The problem with this report - as with so many others - is its unthinking use of the term "class".

In Britain people in the "working class" are manual labourers, "middle class" folk work in offices, and members of the "upper class" drive around their estates shooting the odd stag or grouse. We libertarians consider these definitions to be totally useless, and have done for a hell of a long time:

It's such a treat to read Oppenheimer because he always focuses on the key issues. For instance: "There are two fundamentally opposed means whereby man, requiring sustenance, is impelled to obtain the necessary means for satisfying his desires. These are work and robbery, one's own labor and the forcible appropriation of the labor of others."
So there are actually only two classes - those who work and those who appropriate. By "work", we mean providing goods and services that are voluntarily purchased by others in the marketplace. And contrary to what Mr Marx thought, "work" includes that most valuable of functions - the allocation of capital to its most productive use. By "appropriate", we mean stealing from workers, either directly, or more insidiously, through the state:
Oppenheimer nails the state as a parasite. For example: "The State is an organization of the political means. No State, therefore, can come into being until the economic means [private sector] has created a definite number of objects for the satisfaction of needs, which objects may be taken away or appropriated by warlike robbery."
So when the report talks about "upward mobility" and "downward mobility", it's using "class" in the traditional but useless sense. Listen to "working class" entrepreneur Mike Donnelly:
But Donnelly, who is married with four daughters, is not convinced that tomorrow's workforce has the same opportunities, or the same drive to climb the social ladder. He said: "People don't want to get their hands dirty any more and it has led to a shortage of skilled labour - it has to be imported now.
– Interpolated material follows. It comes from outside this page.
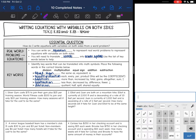Hey guys, we are finishing up our equations unit. This week we are looking at writing equations and inequalities. We are going to start by looking at writing equations. We are going to answer the question: how do I write equations with variables on both sides from a word problem?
Less people want to take a risk and set up on their own."
I believe that Mike's wrong in thinking that the opportunities aren't there, although he's spot-on about the lack of drive. But sadly the drive to which Mike is referring is one that (like the report) considers an office job to be superior to a manual one. It isn't. What matters is whether the person concerned really is a "worker" in the libertarian sense. The problem today is that all too many people would rather hold "middle class" office jobs with the state. These appropriators would be far more admirable were they to become real productive workers like Mike Donnelly.

1 comment:

David Farrer said...

Comments made on previous template:

Bob
The distinction between workers (which you equate with the private sector) and appropriators (which you equate with the public sector) has some interesting consequences:  
 
Appropriators include almost all doctors and nurses, apart from those involved in the private sector, which often specialises in elective cosmetic surgery. Meanwhile the workers include people who do not work at all but live off capital managed by someone else.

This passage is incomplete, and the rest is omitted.